Well, that all changed recently. Last week, I presented my best speech of the semester so far. I used an array of props, had some good jokes and made the class laugh, I interacted with the audience, and my delivery was perfect. Ever since that speech, I have received nothing but positive vibes from some of the girls in the class. They cheerfully say hi, they begin the conversations with me (it's about 50/50 on who initiates) and now it seems I'm getting along with everyone I talk to.

I haven't been pursuing any girls in particular lately - kinda took a break after dealing with back-to-back episodes of girl BS the past few months. With my confidence rebuilding, I am tempted to try and make use of this new-found popularity in the class. Unfortunately, this isn't the usual case of: I see one girl in class, I figure out how to make move, I attempt move, end of story. This is because:
1.) I can try this on a couple or a few girls in the class, not just one. I first need to see who I'd click the best with.
2.) People in this class seem to generally get along. If I go for it and get turned down, I know other classmates will soon find out, and then its awkward for the rest of the semester.

In addition to trying and figure out who I should pursue - if anyone - I have some questions:
1.) What is the best way to operate classroom game when it's a small class environment like this? Sometimes we work in pairs or groups, and people generally tend to get along with one another.

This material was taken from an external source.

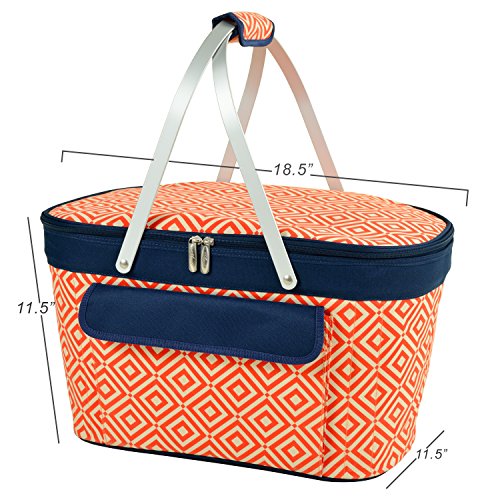 Picnic at Ascot Patented Insulated Folding Picnic Basket Cooler- Designed & Quality Approved in the USA - color: Orange/Navy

2.) I believe this is a one-and-done thing. If I do ask one girl out and get turned down, my chances with every other girl in the class goes down too. They'll see themselves as a second option, and that's never good.
3.) In no way is this some sort of ego validation, but...how does one speech create such a change in the class environment? No girls used to really talk to me, now I seem to get considerable more attention from the girls. Seemed rather quick?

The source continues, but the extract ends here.